Basic Bacteria - These versions do not do any complicated processes.
Oxygen - Uses the D. radioduran’s trait to protect itself from radiation. Uses the photosynthetic properties of C. caldariorum, and also its high salinity resistance.
This version of the super-bacteria is a simple photosynthetic one. It will help lichen (Coming Soon) change the CO2 into O2.
The Genetic on/off Switch - There have been studies advocated by NASA that show that cells actually have skeletons hereafter called cytoskeletons. Now, through one experiment the attached very very small metallic beads to things called integrins, when they introduced a magnetic field to the cell the beads pulled the integrins to align with the field.
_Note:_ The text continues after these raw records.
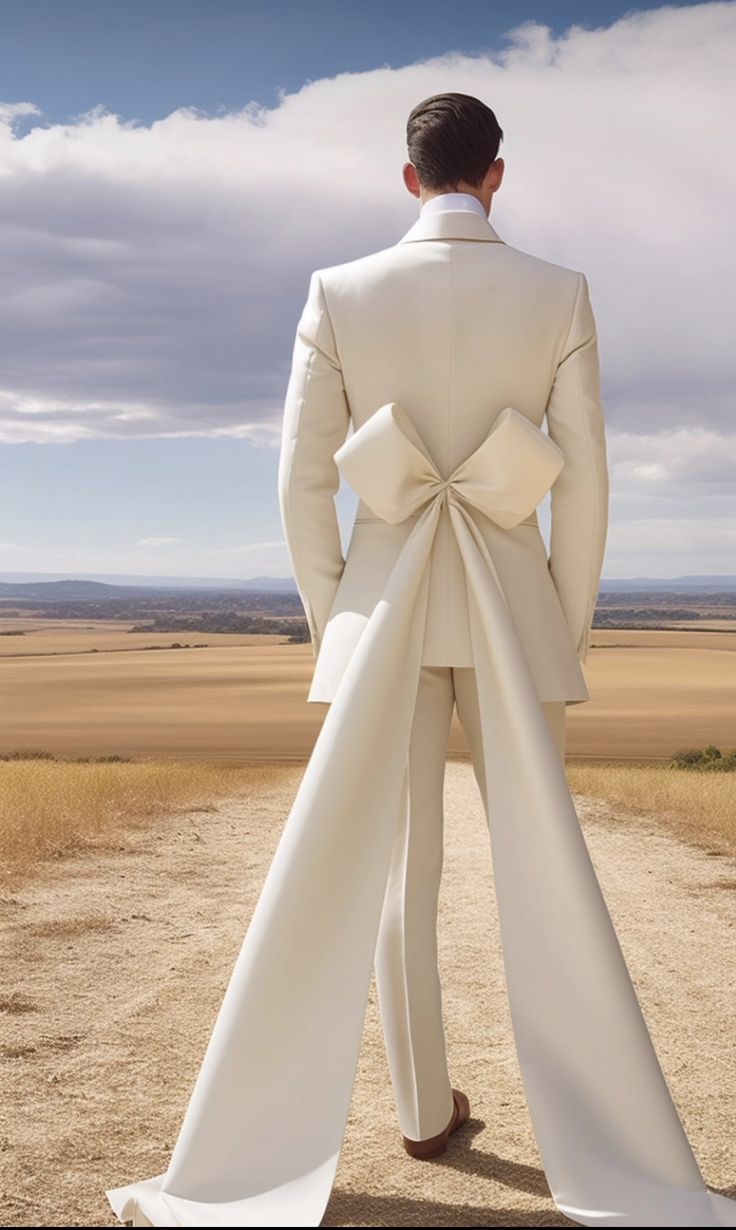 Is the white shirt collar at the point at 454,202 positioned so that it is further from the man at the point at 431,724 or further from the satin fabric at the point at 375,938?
the satin fabric at the point at 375,938

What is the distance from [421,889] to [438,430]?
1.10 m

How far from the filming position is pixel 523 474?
2.85 m

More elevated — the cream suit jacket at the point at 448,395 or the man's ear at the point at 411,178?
the man's ear at the point at 411,178

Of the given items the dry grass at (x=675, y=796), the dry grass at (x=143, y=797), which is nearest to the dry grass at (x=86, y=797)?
the dry grass at (x=143, y=797)

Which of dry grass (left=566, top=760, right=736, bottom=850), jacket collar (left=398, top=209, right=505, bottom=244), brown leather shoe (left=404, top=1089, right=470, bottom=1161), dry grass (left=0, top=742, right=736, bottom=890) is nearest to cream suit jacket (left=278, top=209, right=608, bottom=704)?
jacket collar (left=398, top=209, right=505, bottom=244)

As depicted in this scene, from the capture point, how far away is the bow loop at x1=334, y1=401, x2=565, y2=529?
2.83 metres

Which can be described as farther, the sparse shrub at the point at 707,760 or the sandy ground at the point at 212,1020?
the sparse shrub at the point at 707,760

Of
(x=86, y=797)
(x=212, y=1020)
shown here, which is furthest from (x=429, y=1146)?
(x=86, y=797)

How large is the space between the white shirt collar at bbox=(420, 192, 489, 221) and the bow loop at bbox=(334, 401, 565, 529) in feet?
1.57

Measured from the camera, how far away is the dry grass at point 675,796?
29.5ft

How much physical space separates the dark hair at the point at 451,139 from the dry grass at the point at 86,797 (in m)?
4.96

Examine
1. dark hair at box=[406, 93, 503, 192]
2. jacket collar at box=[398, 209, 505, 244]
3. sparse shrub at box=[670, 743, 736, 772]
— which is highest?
dark hair at box=[406, 93, 503, 192]

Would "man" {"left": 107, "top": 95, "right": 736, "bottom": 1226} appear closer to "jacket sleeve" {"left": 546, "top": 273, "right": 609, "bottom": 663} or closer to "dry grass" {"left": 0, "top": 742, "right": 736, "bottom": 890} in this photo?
"jacket sleeve" {"left": 546, "top": 273, "right": 609, "bottom": 663}

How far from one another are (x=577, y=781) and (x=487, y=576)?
8659 mm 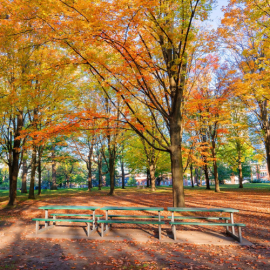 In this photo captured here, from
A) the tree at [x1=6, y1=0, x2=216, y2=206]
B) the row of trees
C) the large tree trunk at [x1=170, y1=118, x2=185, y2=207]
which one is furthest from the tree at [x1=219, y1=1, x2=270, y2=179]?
the large tree trunk at [x1=170, y1=118, x2=185, y2=207]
As they did the integrins in turn pulled on the cytoskeleton pulling in different directions. Now as this happens, as the cytoskeleton becomes taught, certain genetic operations take place. Does anyone see where I am going with this?
This discovery has a huge impact on Genetic Terraforming. This can be taken advantage of, if we “program” our bacteria to perform a certain Terraforming operation if the cytoskeleton is taught, then this opens the door for a Genetic on/off switch.
We use the gene or a form of the gene form T. ferrooxidan, to oxidize iron from the regolith, now as this happened our bacteria will secrete an enzyme that bonds it with the iron. Soon a lot of iron will build up on the cell. Now at that point we introduce to our bacteria, a magnetic field. This will pull on the iron, pulling on the integrins, which in turn pull the cytoskeleton taught; this starts the genetic operation that is some Terraforming technique such as producing a certain gas for example.
So, let us take also for example that we have enough of the gas that is being made by the bacteria. To stop the production all we simply do is flip the switch to the magnetic field, the cytoskeleton relaxes and the genetic operation stops. Terraforming at the flick of a switch.
This bacteria would of course have the radiation resistance of D. Radioduran and the high salinity and drought resistance of Chroococcidiopsis.